I don't know whether the similarity is intended or not but I don't remember hearing any other band sounding like Simon and Garfunkel before (and I listen for this sort of thing - see 5 songs that sound like Abba but aren't). The new band will be doing well to match their famous forebears but have made a good start with this song which is raw emotion but very tightly and melodically conveyed.

As for Simon & Garfunkel, I remember being wowed by the Central Park concert they gave when I was young and their famous songs are engraved on my musical consciousness. Go on Villagers, give us another Bridge over Troubled Water or Sound of Silence! As a footnote I just learnt from Wikipedia that Simon & Grafunkel's first band was called Tom and Jerry. Would make a good pub quiz question that.

Wednesday 14 April 2010

Kate Nash, Puppets and the battle of the mocknies

This week Kate Nash was my pick as Best Song of the Week with "Do Wah Do". It took my a while to fall for this track even though it is just the kind of fun, witty and likeable fare I usually lap up and it's because of that "mockney" accent.

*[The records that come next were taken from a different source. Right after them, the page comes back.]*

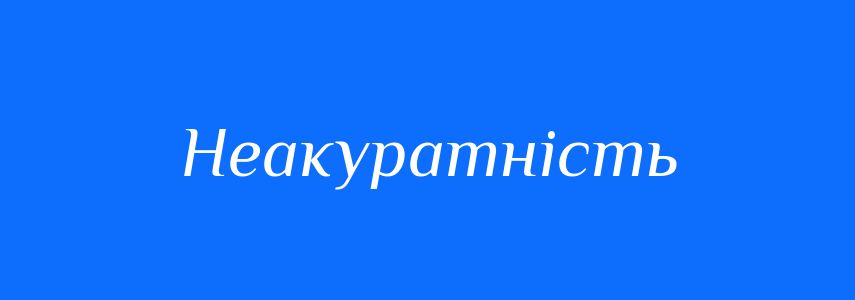 Антоніми до слова Неакуратність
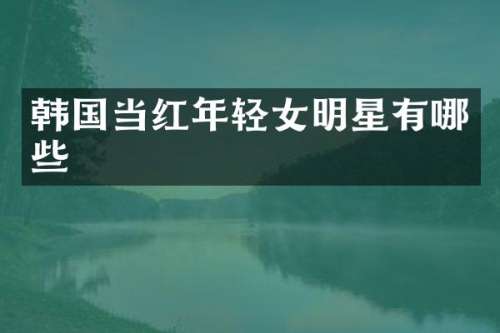 韩国当红年轻女明星有哪些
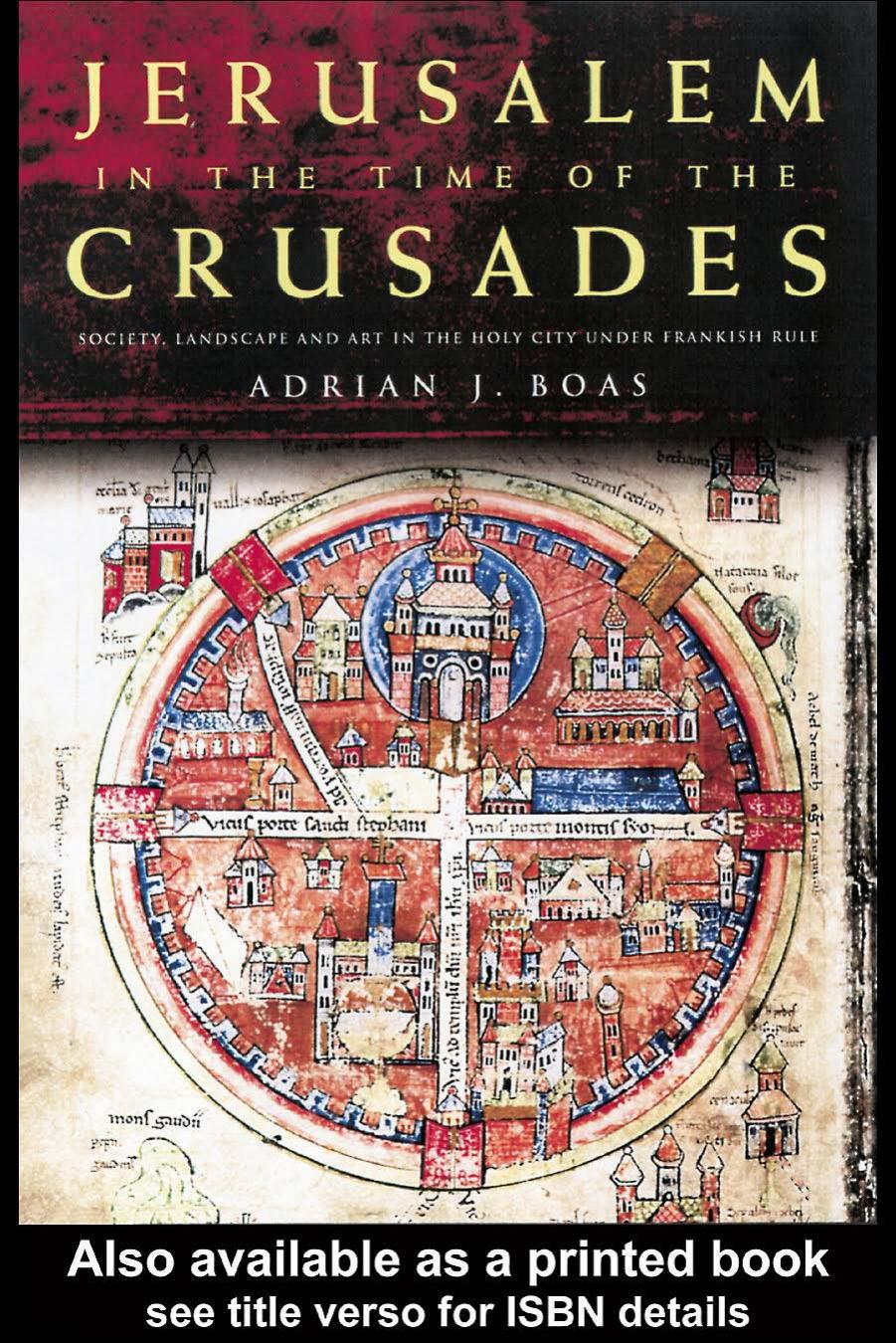 Jerusalem in the Time of the Crusades: Society, Landscape, and Art in the Holy City Under Frankish Rule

To non-Brits who don't know what that is, I'll have to explain. She sings like she's a working class Londoner (" a cockney" see left for genuine article) even though she sounds nothing like that in real life. Compare a few seconds of these two YouTube clips, the song and an interview:






You probably now get the idea. It's probably something that just irritates British people (particularly irritable ones like me).

I don't mind singing voice affectations in general just this specific one. After all most British singers from the 50s onwards have tried for an American accent, naturally enough as they are working in an American form. It's just accents which seem designed to give the singer a bit of street edge that seem so absurd and posed. Another example is the white British kids who talk or sing like they are Jamaican despite Ali G having completely called out this nonsense a decade ago.

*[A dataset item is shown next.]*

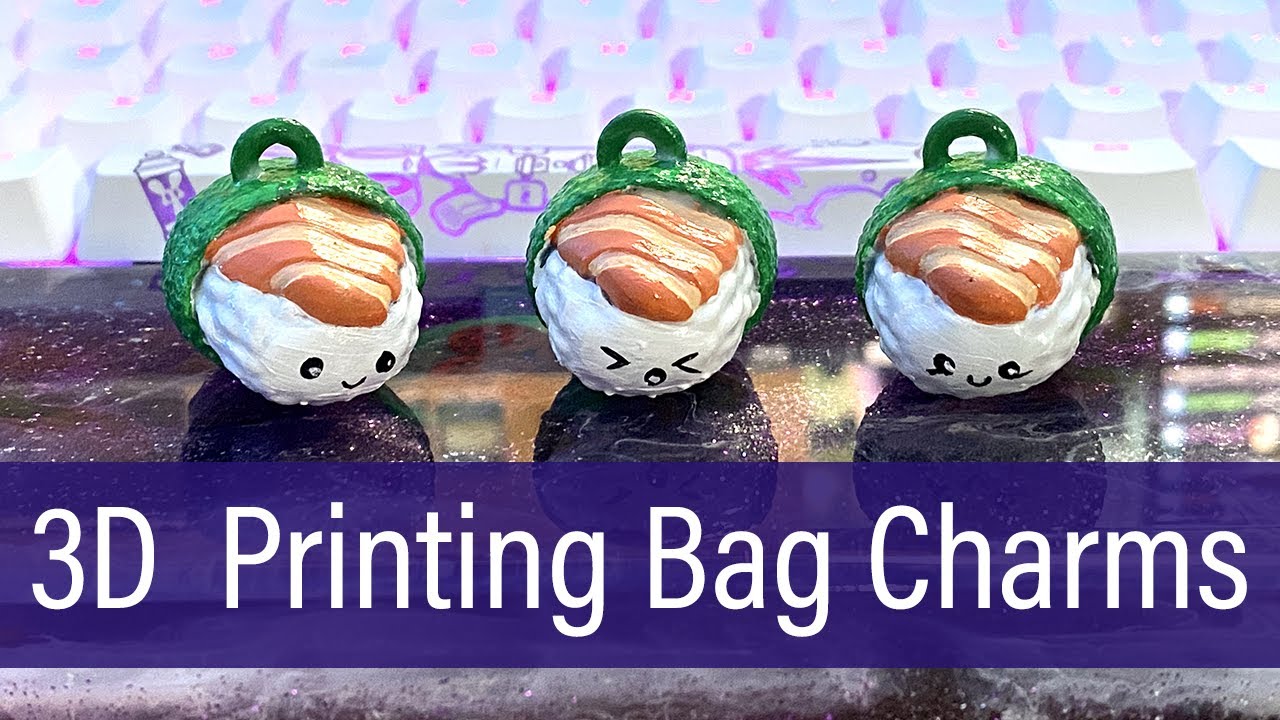 Tips for 3D Printing Bag Charms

Pearl and the Puppets - a new mockney low
Actually there is another even more absurd example which again ruins quite a good song. Pearl and the Puppets, a much touted new band for 2010, have a song out called "Because I do". It's a light little ditty which builds into a happy-making sing-a-long chorus (which is why it has already been used in Vodafone ads). But listen to the first lines and you have some classic mockney:



"I saw you the other day, you were dreaming that's O Kay" Acceptable if she's from London but she's from Scotland. I maybe wrong and maybe Scots speak like this but I don't think so. Here's an interview with Pearl (actually Katie) who speaks more like she should be making porridge or shortbread adverts.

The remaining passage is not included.